Le vie del tempo sono percorsi contorti e spesso avvolti nella nebbia, ma in certi punti, del tutto inaspettatamente, si toccano tra loro. Tu non sai mai quando avverrà ma quando avviene devi fare una scelta.
O congiungi i fili e invadi il presente di passato
O guardi da dietro un finestrino e poi riparti.
Ho guardato l’orologio: ero in ritardo per il mio esame. Ho acceso la macchina e mi sono diretta verso l’ospedale.
dimmi che ci torni.
che bello!! Pensa che la mia amichetta del cuore delle elementari ha traslocato senza salutarmi 🙁
io ci tornerei con la Frolli a trovare questa tua amica!!!
…però puoi sempre tornare un altro giorno da lei.
angela
sai Panz, ti ho invidiato un po’ leggendo questo racconto, perche’ tu puoi raggiungere i tuoi ricordi in macchina, da un lato all’altro della citta’. A volte ci penso, e un po’ mi spaventa l’idea che se mai avro’ un figlio/a crescera’ in un posto che non ha nessun ricordo mio ne’ di suo padre. E che dovra’ attraversare il mondo (o mezzo-nel caso del papa’) per andare a trovarli.
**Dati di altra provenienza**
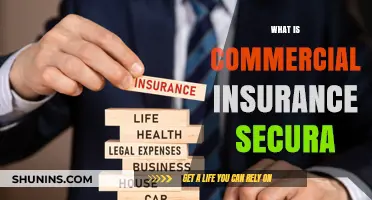 Understanding Secura's Commercial Insurance Offerings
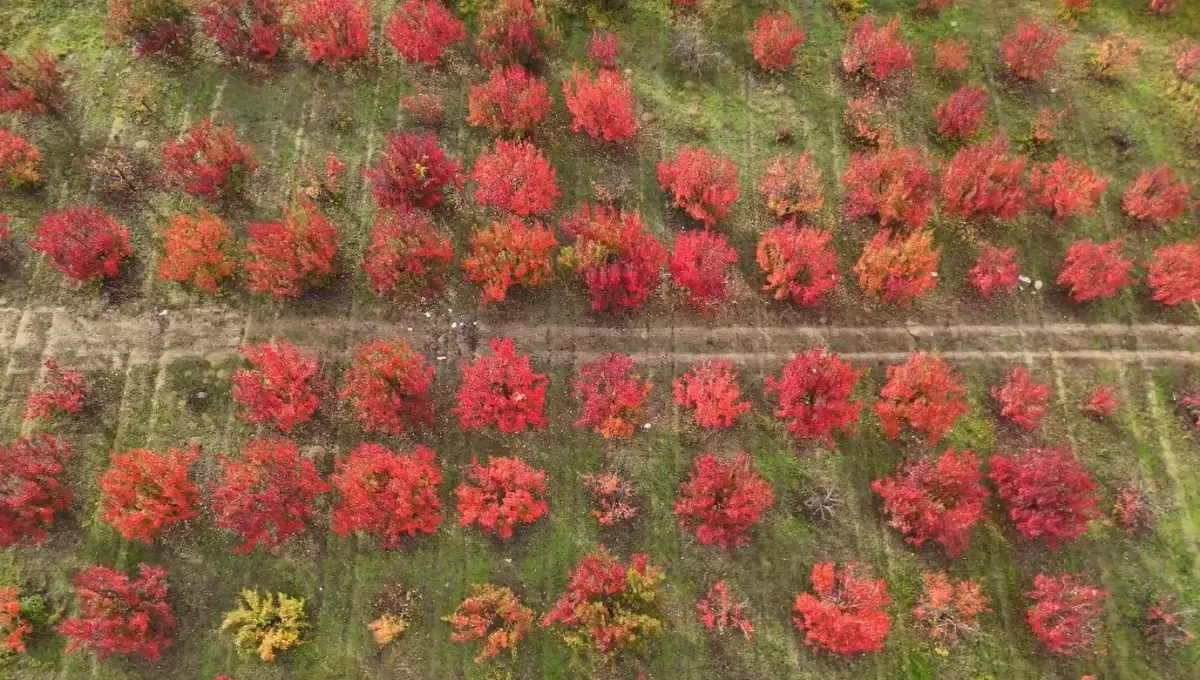 Bursa'da Sonbahar Güzellikleri Dronla Görüntülendi
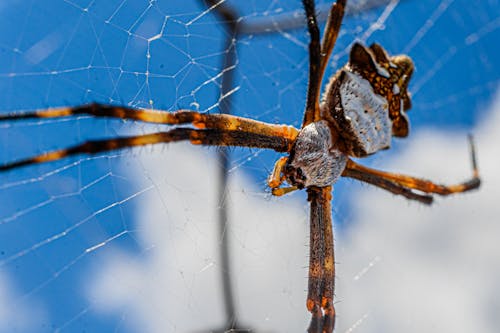 Free Brown and White Spider on Web Stock Photo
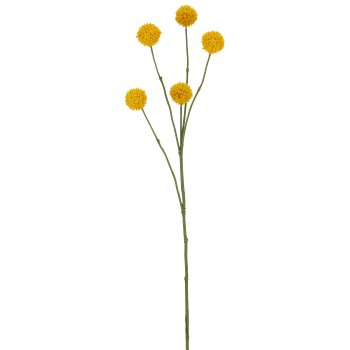 Graspediazweig x5, 71cm, gelb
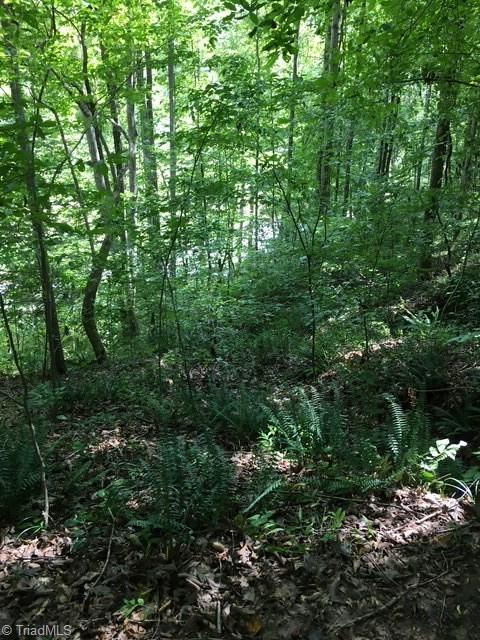 0 Sheets Trail Germanton, NC 27019 - Photo 13 of 31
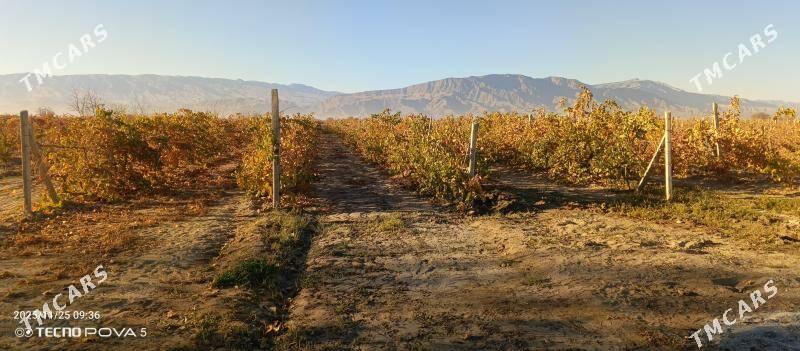 uzum getdar - Büzmeýin - img 4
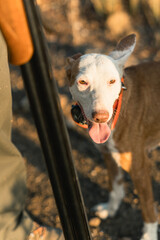 Hunter and his podenco dog preparing for an outdoors hunt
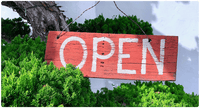 Open Access Books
Bellissimo questo post! Anche io penso che dovresti tornarci insieme alla piccola frollina, se eravate così amiche, dopo un attimo di inevitabile imbarazzo vi “ritroverete” e i vostri piccoli potranno aiutarvi a rompere il ghiaccio, i bimbi sono molto più spontanei e impulsivi di noi adulti e questa è una delle loro “magie”.